How do we ensure productivity for developers building microservices
How do I govern my data fabric across my event-driven architecture once I get there? If you don't expose metadata & data and make it consumable for other teams then these business questions cannot be answered.

Technology specialization or data observability?

There is a major catch when it comes to overseeing a healthy migration. More data domains means more diverse problems, which requires more specialization. It is a lot easier to find support for an issue in a Oracle-based legacy monolith versus the marketing application built on Apache Spark, Cassandra and Apache Kafka.

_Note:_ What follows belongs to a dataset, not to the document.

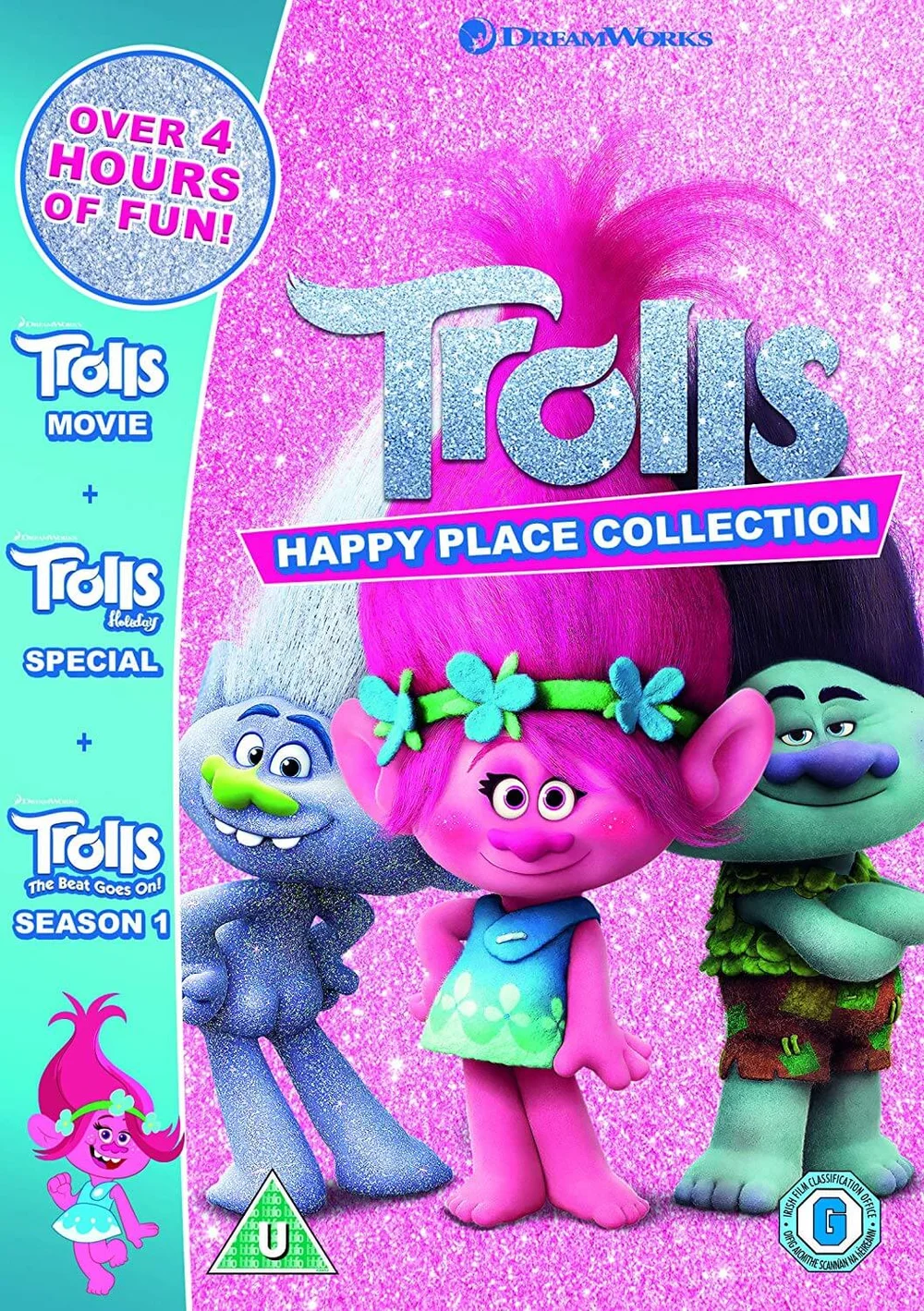 Trolls: The Beat Goes On: Season 1/ Troll (2016)/ Trolls Holiday Bild 1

For those turned off by these stipulations, remember why you chose to break down a monolith: to separate the app delivery cycles of your teams and innovate more easily with less risk. If you run a dev team releasing a front-end of an audio streaming service, for example, you can deploy without worrying about corrupting album artwork.

Luckily, you can break down a monolith, push innovation, and still keep high standards of reporting and collaboration.

The stairway to greater data products

A recent talk by Goldman Sachs at AWS ReInvent detailed how they are re-architecting their applications to be event-driven, decoupled through an MSK Kafka cluster. Each Goldman Sachs product team would have different tooling, practices and technology. If the CTO wanted to build a new service that overlaps the payment services and CRM projects, it would be a challenge to understand the data domain across the two different teams.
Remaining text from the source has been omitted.